Boko Haram's ongoing insurgency in northern Nigeria has forced the closure of more than 57 percent of schools in Borno state, leaving about 3 million children without an education as the school year begins, the United Nations Children's Fund said Friday.
"Children in northeast Nigeria are living through so much horror," said Justin Forsyth, UNICEF's Deputy Executive Director at the end of a three-day visit to Maiduguri, the epicenter of the crisis in the northeast.
"In addition to devastating malnutrition, violence and an outbreak of cholera, the attacks on schools is in danger of creating a lost generation of children, threatening their and the country's future."
Banki, on the border with Cameroon, has been reduced to rubble. The continuing insecurity in the town of some 40,000 refugees means that women gathering firewood from the forest must be accompanied by soldiers, said Forsyth. Kids in Banki sit on floors in thatched buildings with broken blackboards and shards of chalk, he said.

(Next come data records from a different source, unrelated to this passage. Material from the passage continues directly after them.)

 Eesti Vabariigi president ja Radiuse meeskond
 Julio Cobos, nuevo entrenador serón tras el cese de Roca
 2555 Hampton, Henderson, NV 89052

"Even though the first task is to save children's lives from pneumonia, diarrhea and malnutrition, we also want to make sure children keep learning and get back to school," Forsyth told The Associated Press after visiting Banki Thursday. The border village is about 133 kilometers (83 miles) southeast of Maiduguri, the Borno state capital.

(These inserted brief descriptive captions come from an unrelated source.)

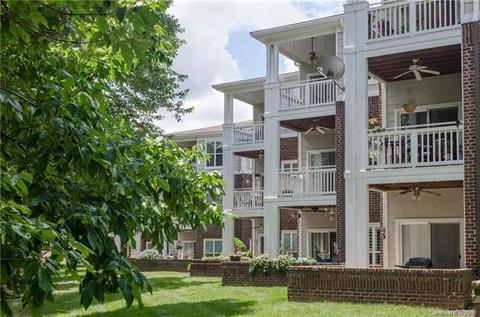 757 Peninsula Dr, Davidson, NC 28036 photo 1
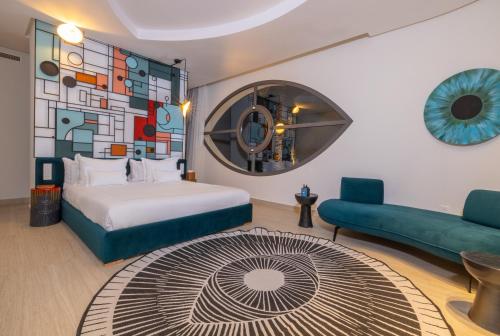 room detail thumbnail 1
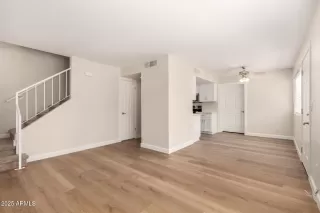 Photo #2: 6957211 Listing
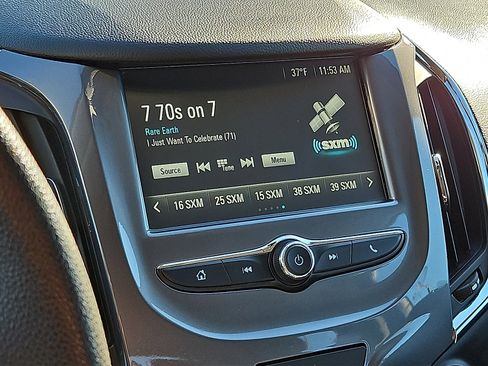 Used 2018 Chevrolet Cruze LT w/ Convenience Package image 16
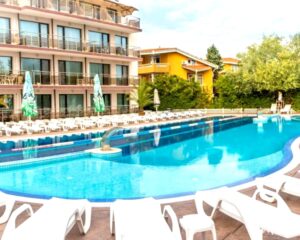 Лято 2025г в Созопол! Нощувка със закуска за двама или трима + басейн в Созополи Стайл Клуб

Some 10.5 million children are out of school throughout Nigeria, he said, but the insurgency has affected Borno state most acutely. Nearly 2,300 teachers have been killed in Nigeria's northeast since 2009 by Boko Haram, whose name in the local Hausa language has been loosely translated to mean "Western education is a sin." Nearly 1,400 schools have also been destroyed, said UNICEF.

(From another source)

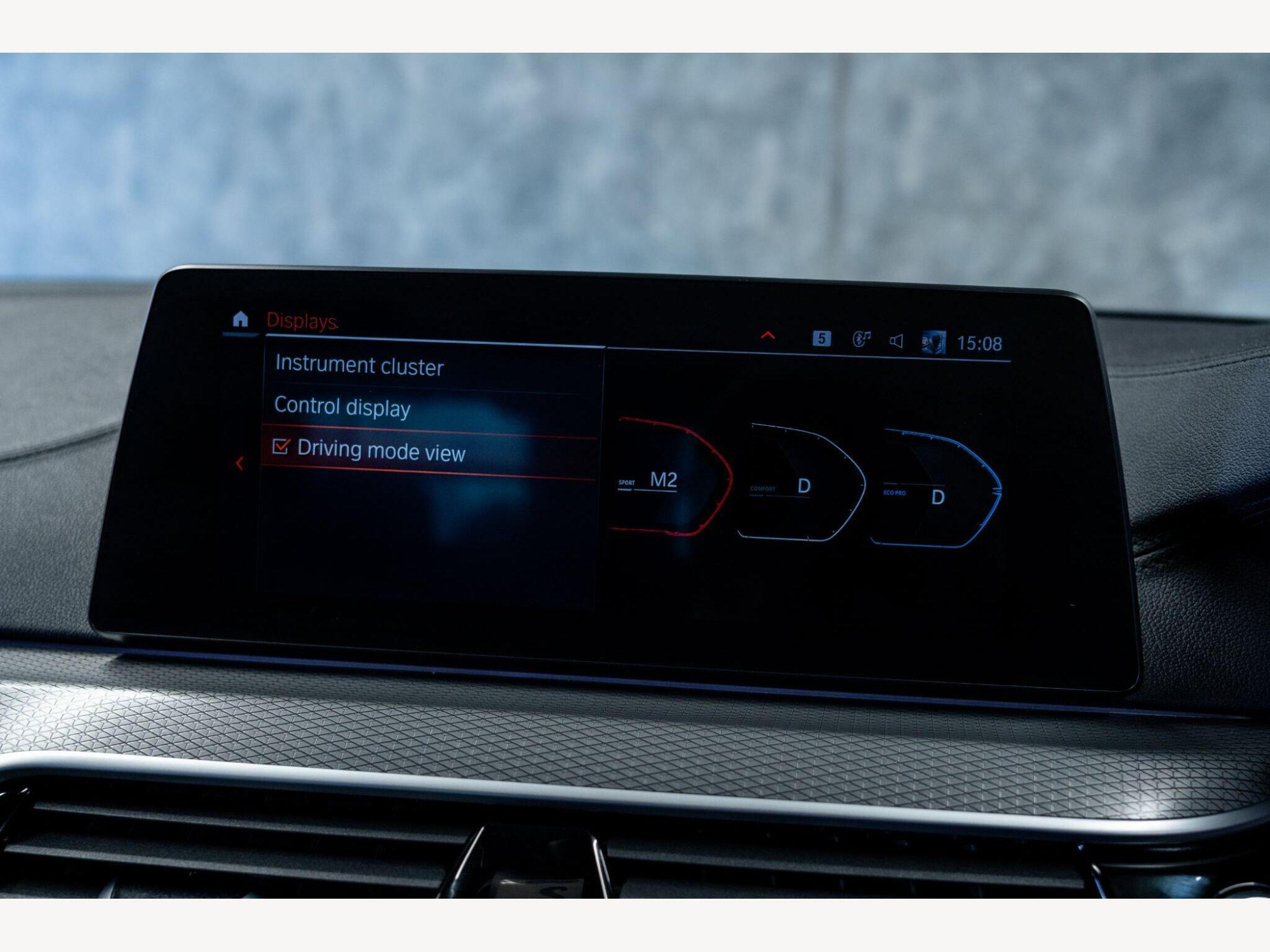 2019 BMW 5 Series image 36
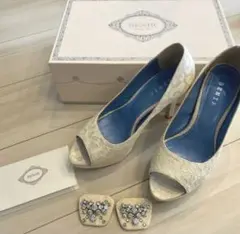 ベニル　ウェディングシューズ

"Even in the midst of conflict we need to make sure that children keep learning. It helps them overcome trauma," he said, adding that many children there have been kidnapped and have experienced violence.
Two young boys told him about being kidnapped, watching people be killed and being forced to work for Boko Haram under threat of beatings and abuse.
"These boys are deeply traumatized. They are being supported to overcome that situation, and when asked what they most wanted, they both said to me they wanted to go to school," he said.
The extremists' eight-year insurgency has killed more than 20,000 people in the Lake Chad region, and displaced more than 2.3 million. Casualties have doubled in the past five months in Borno and Adamawa states because of increased suicide bombings, many carried out by young girls, Amnesty International has said.
"The use of children as human bombs — close to 100 so far this year — has sown a climate of mistrust among communities in the northeast," the U.N. agency says.
UNICEF has been able to enroll nearly 750,000 children in school this year in northern Nigeria, it said, establishing more than 350 temporary learning spaces.
But the U.N. humanitarian agency says that only 12 percent of funding needed for education in Nigeria has been received.
Teachers are needed in the remote areas, and funds are needed to recruit them and to rebuild schools, Forsyth said, calling for a deeper partnership and more investment by the government, international community and U.N
"Investing in learning and education is an important way of combatting extremism," said Forsyth. "It's also an important investment in giving those children hope and building a future, not just for Borno state but for Nigeria."